**RAW DATA**
# # #
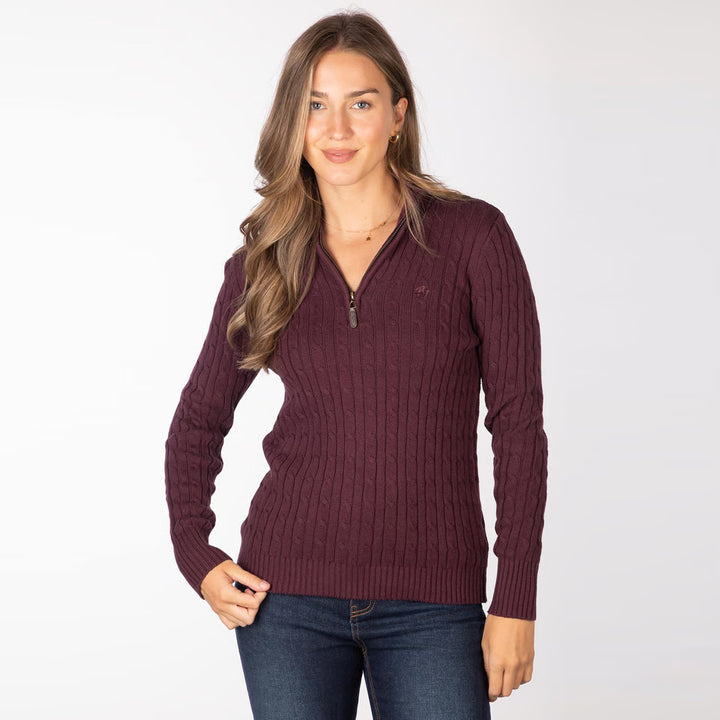 Rydale Ladies Emma Quarter Zip Cable Knit Jumper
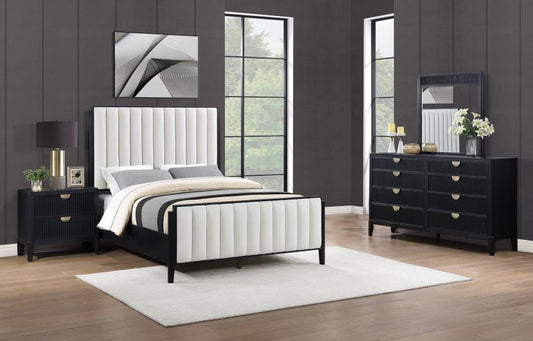 Brookmead 4-piece Upholstered Queen Bedroom Set Black (B,D,M,N)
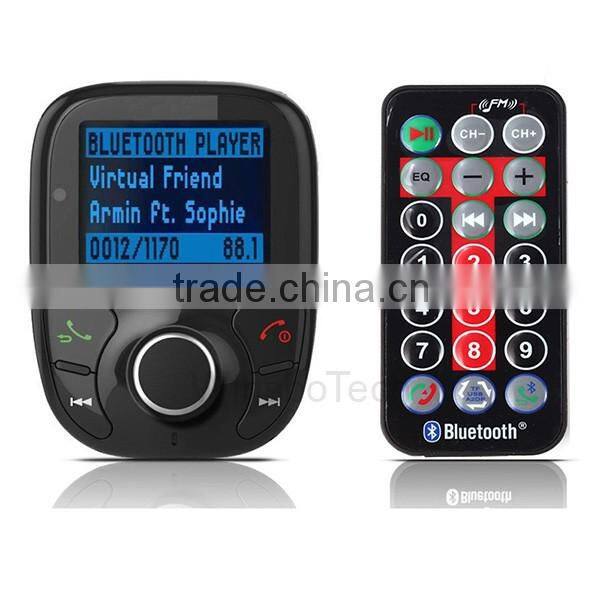 2016 hot sale! Wireless In-Car Bluetooth FM Transmitter with 2-Port USB Car Charging Hands-Free Calling MP3 Player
# # #
**WORK INSTRUCTIONS**
Give the data again exactly as it stands, apart from the pictures.

**EXERCISE OUTPUT**
 Rydale Ladies Emma Quarter Zip Cable Knit Jumper
 Brookmead 4-piece Upholstered Queen Bedroom Set Black (B,D,M,N)
 2016 hot sale! Wireless In-Car Bluetooth FM Transmitter with 2-Port USB Car Charging Hands-Free Calling MP3 Player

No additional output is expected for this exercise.